WORK INSTRUCTIONS:
In the records below, the line with "Cyanocitta cristata image" opens the range and the line with "Brahminy Starling." closes it; print that range exactly and nothing else.

RECORDED DATA section start

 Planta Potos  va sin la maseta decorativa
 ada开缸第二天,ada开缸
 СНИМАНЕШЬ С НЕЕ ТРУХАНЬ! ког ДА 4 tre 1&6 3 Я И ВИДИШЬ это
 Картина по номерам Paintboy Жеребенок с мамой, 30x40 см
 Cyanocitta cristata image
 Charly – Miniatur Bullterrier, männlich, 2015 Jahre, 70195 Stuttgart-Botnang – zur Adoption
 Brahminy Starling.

RECORDED DATA section end
RECORDED DATA section start

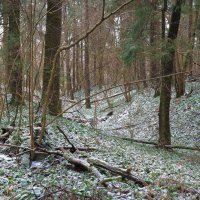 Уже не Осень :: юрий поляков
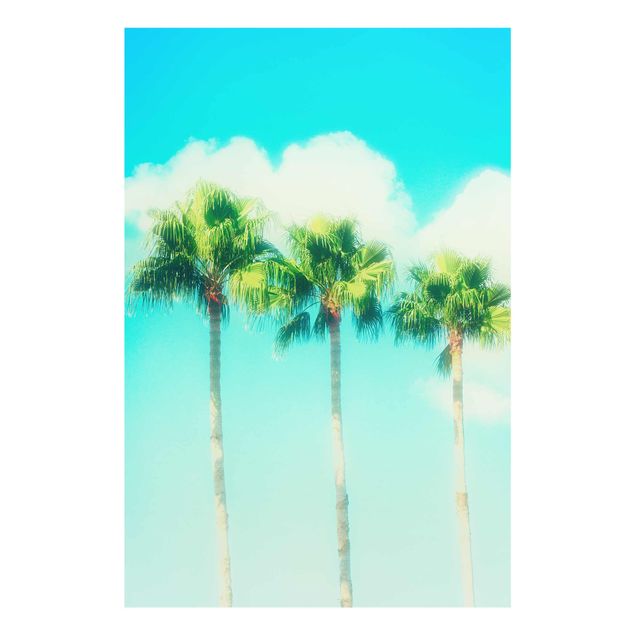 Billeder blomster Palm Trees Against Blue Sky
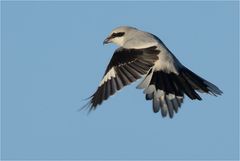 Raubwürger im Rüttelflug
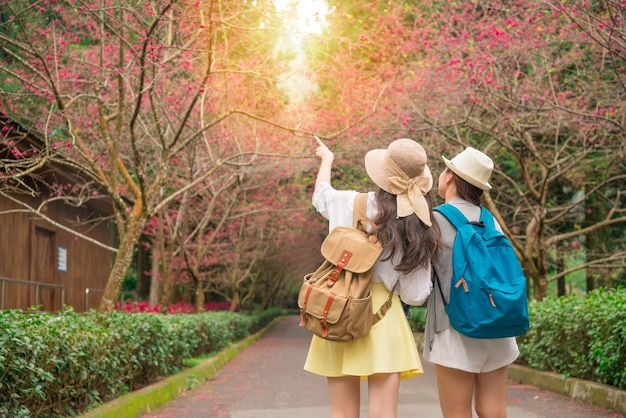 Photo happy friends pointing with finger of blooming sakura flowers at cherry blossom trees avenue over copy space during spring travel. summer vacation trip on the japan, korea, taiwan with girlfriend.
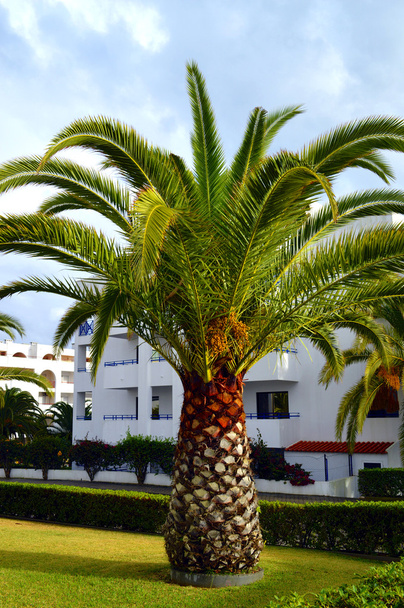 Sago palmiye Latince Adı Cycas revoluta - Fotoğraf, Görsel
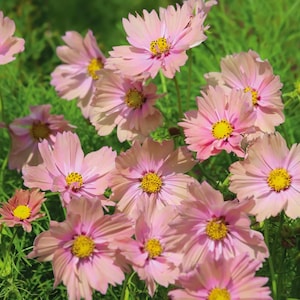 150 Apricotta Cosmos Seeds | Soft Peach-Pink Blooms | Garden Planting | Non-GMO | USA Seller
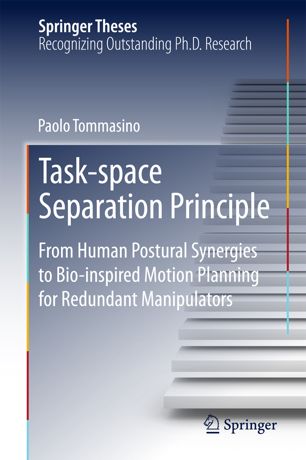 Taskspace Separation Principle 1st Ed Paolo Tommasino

RECORDED DATA section end

ANSWER TO THIS TASK:
 Cyanocitta cristata image
 Charly – Miniatur Bullterrier, männlich, 2015 Jahre, 70195 Stuttgart-Botnang – zur Adoption
 Brahminy Starling.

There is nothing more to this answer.